─── EXTRACTED RECORDS ───
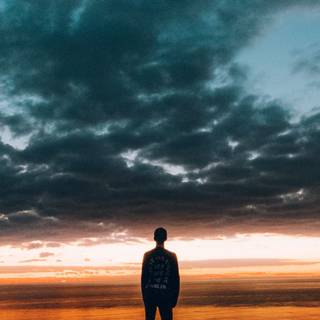 Alone boy sunset wallpaper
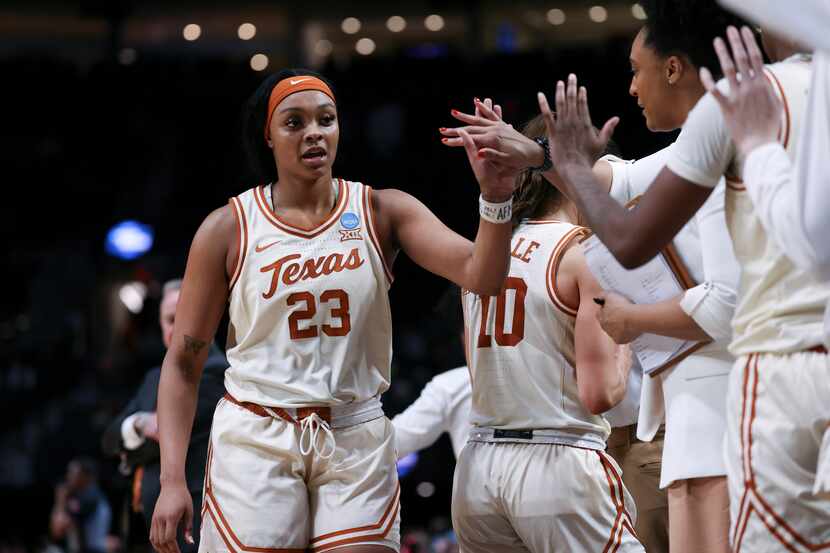 Texas forward Aaliyah Moore (23) celebrates with teammates after the team's win over Gonzaga...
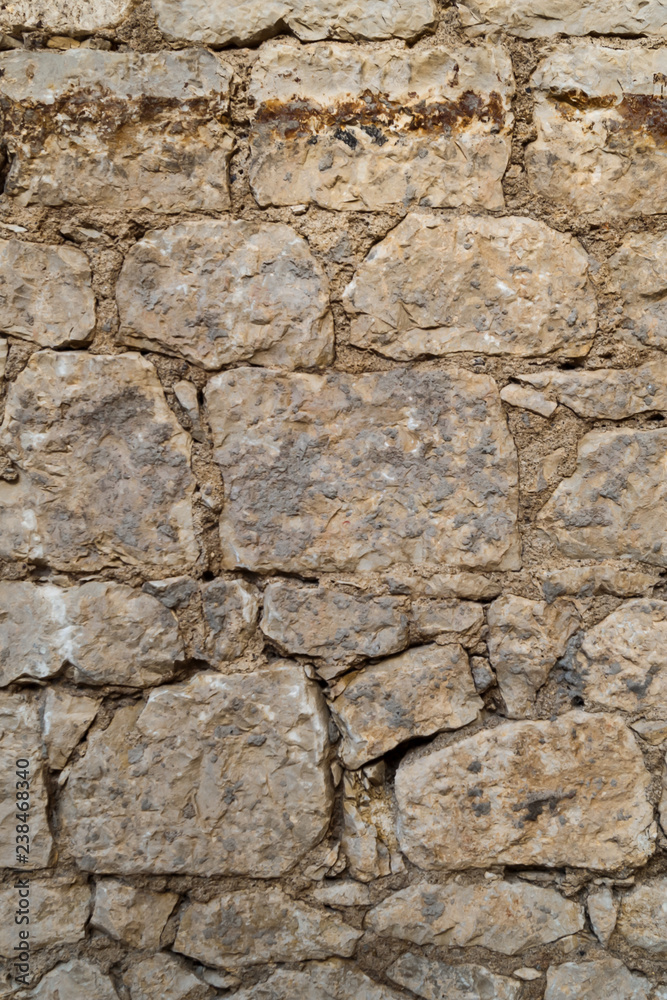 Old stone wall. Construction masonry from different blocks. Stone texture.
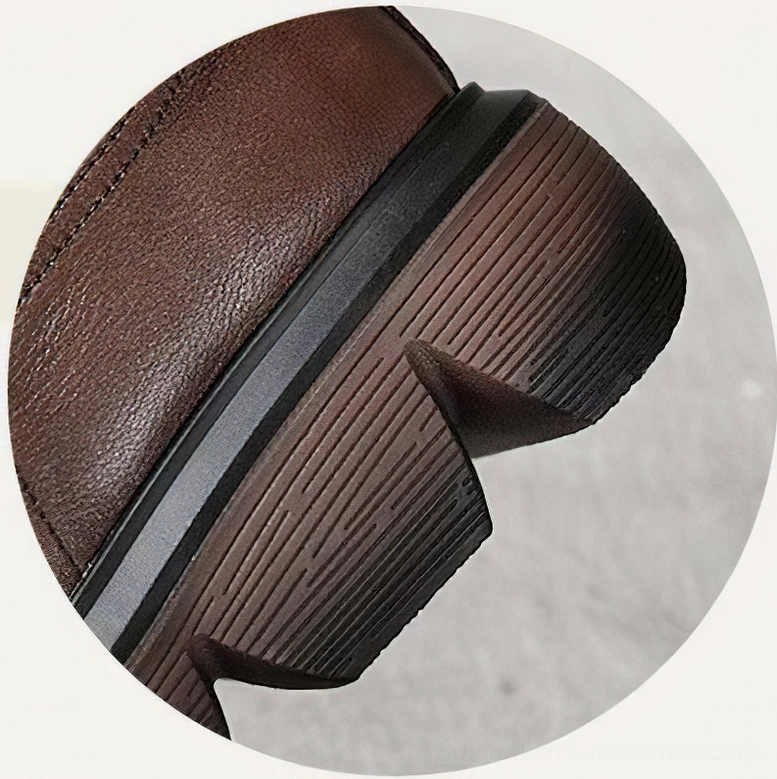 Genuine leather gothic platform combat boots close-up of texture and construction quality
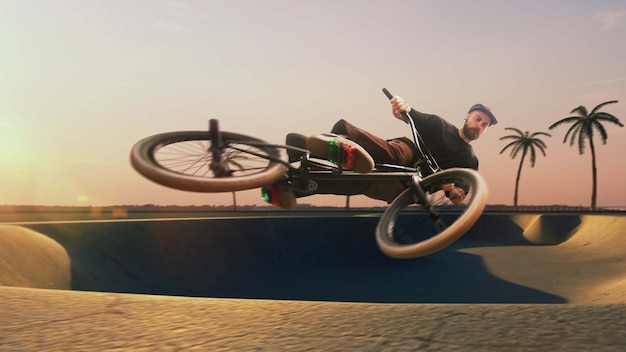 Foto grátis piloto de bmx está realizando truques no skatepark no pôr do sol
───
TASK ITEM:
Each record above should be duplicated word for word, with no pictures included.

RESPONSE AREA:
 Alone boy sunset wallpaper
 Texas forward Aaliyah Moore (23) celebrates with teammates after the team's win over Gonzaga...
 Old stone wall. Construction masonry from different blocks. Stone texture.
 Genuine leather gothic platform combat boots close-up of texture and construction quality
 Foto grátis piloto de bmx está realizando truques no skatepark no pôr do sol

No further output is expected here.